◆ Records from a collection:
──────────

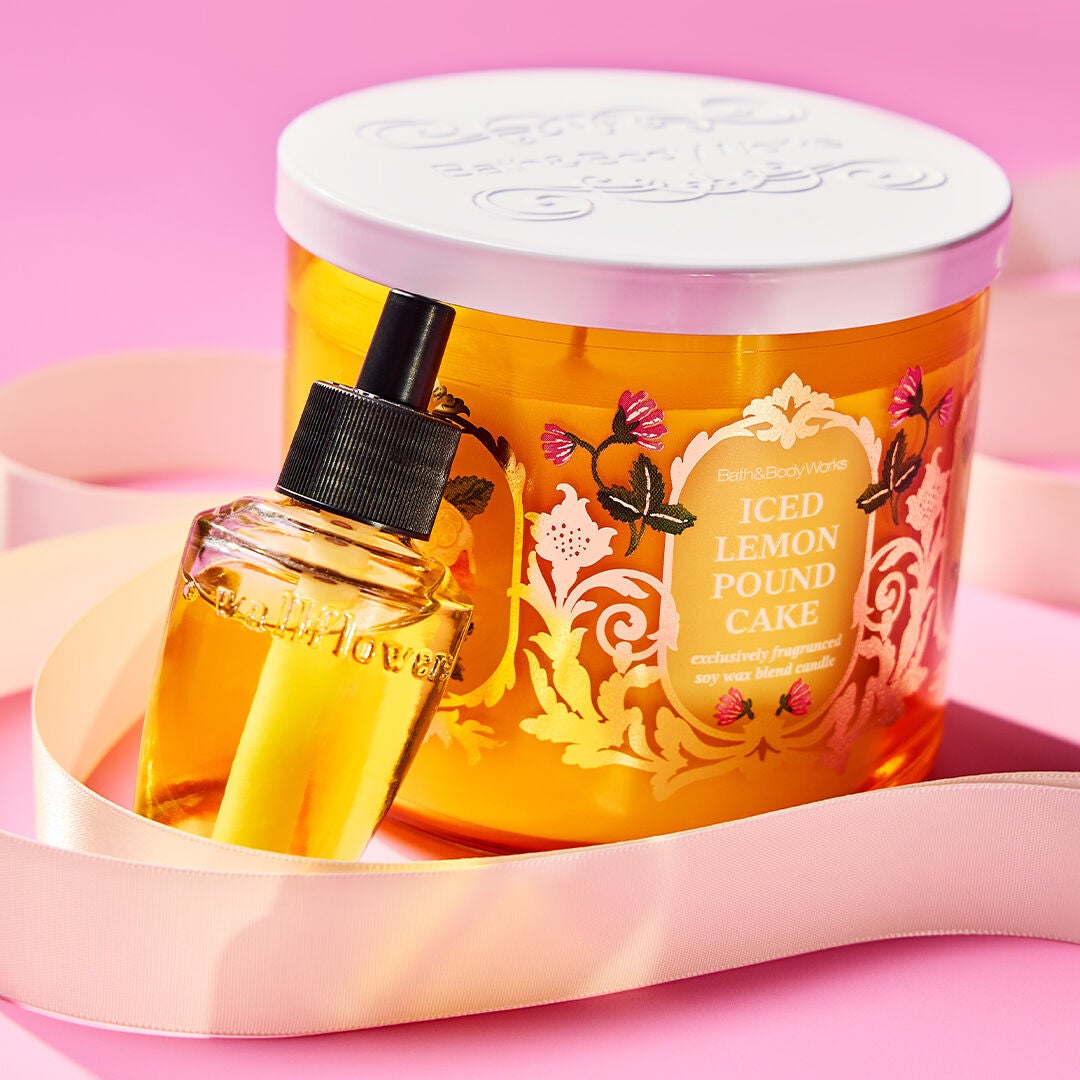 Gifts for the Foodie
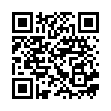 QR kód na túto stránku kostoliste.oma.sk u cintorinska 4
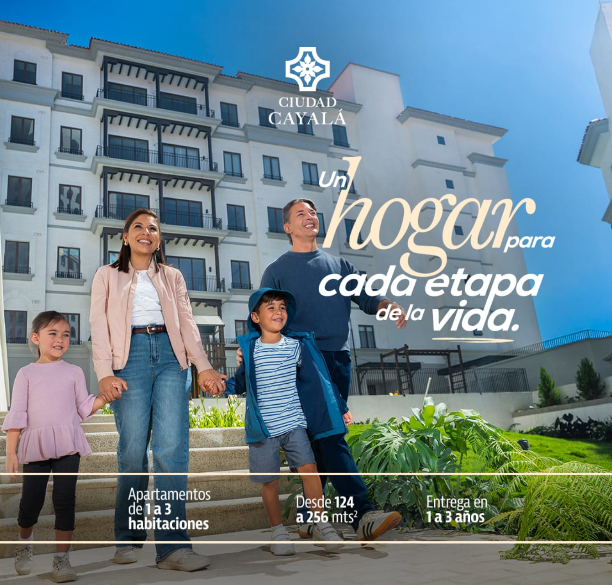 Imagen del Artículo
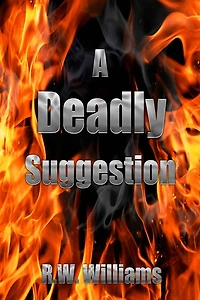 A Deadly Suggestion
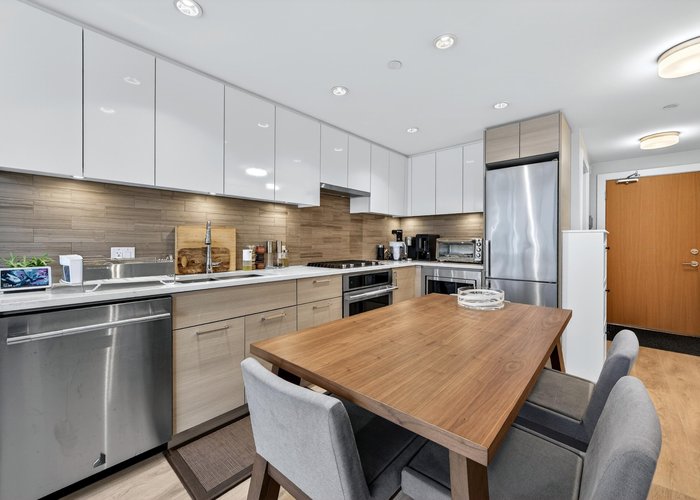 406 - 3451 Sawmill Crescent, Vancouver, BC V5S 0H3 |  Photo 44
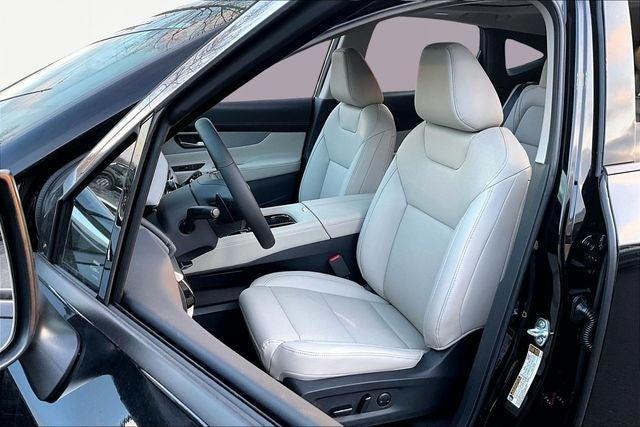 new 2026 Nissan Murano car, priced at $43,034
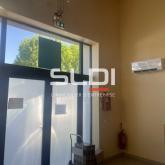 Bureaux A LOUER - RILLIEUX LA PAPE - 110 m²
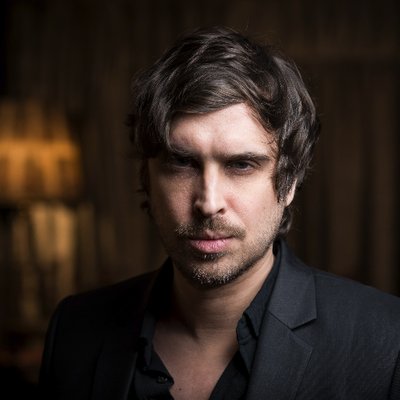 Profile Picture of Nick Grey (@nicolaigrey) on Twitter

──────────

◆ Brief: Once the pictures are set aside, repeat each entry exactly as it stands.

◆ Answer to this problem:
 Gifts for the Foodie
 QR kód na túto stránku kostoliste.oma.sk u cintorinska 4
 Imagen del Artículo
 A Deadly Suggestion
 406 - 3451 Sawmill Crescent, Vancouver, BC V5S 0H3 |  Photo 44
 new 2026 Nissan Murano car, priced at $43,034
 Bureaux A LOUER - RILLIEUX LA PAPE - 110 m²
 Profile Picture of Nick Grey (@nicolaigrey) on Twitter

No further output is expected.